Why the iPhone Is Choking AT&T

Apple's dataholic users straining network

AT&T is learning the hard way that with the great iPhone comes great responsibility. Namely, keeping its network running smoothly even under the pressure iPhone users put on it.

The carrier is experiencing everything from dropped calls to choked download speeds because of how much more data iPhone users burn through. People do pretty much everything they would on their home computer on top of making calls, from browsing the web and sending emails to downloading music and games. Because of this an average iPhone user can churn through 10 times as much bandwidth as the average smartphone.

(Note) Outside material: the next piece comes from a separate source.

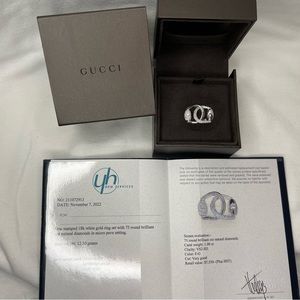 GUCCI RARE White Gold Ring w/Box
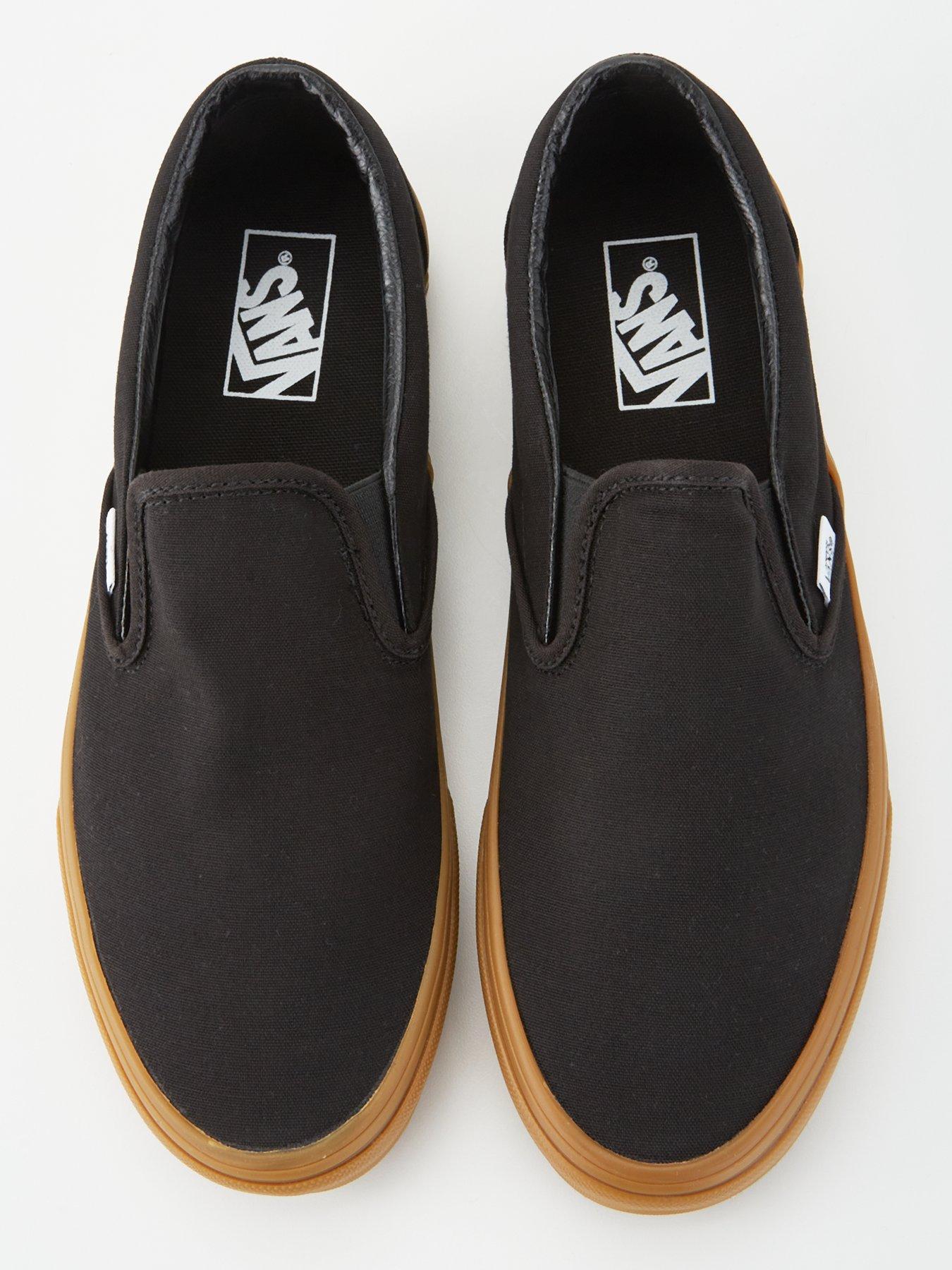 Mens Classic Slip On Trainers Black Gum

The problem is exacerbated by the concentration of users, too. "[AT&T's network] can only funnel so much at a given time," wireless analyst Chetan Sharma told the New York Times. "It comes down to peak capacity loads, or spikes in data usage. That's why you see these problems at conferences or in large cities with high concentration of iPhone users."

AT&T, of course, wants to expand and improve its network to better shoulder the strain, though in the short term the company can do little more than restrict bandwidth-heavy features. There's a worry that it won't just be AT&T having such trouble, either, as phones continue to get more complex. That, and AT&T and Apple's iPhone exclusivity contract will be up early next year, at which point the iPhone may make its way onto other carrier's too — which'll either lessen the strain by spreading it around or sink other networks, too.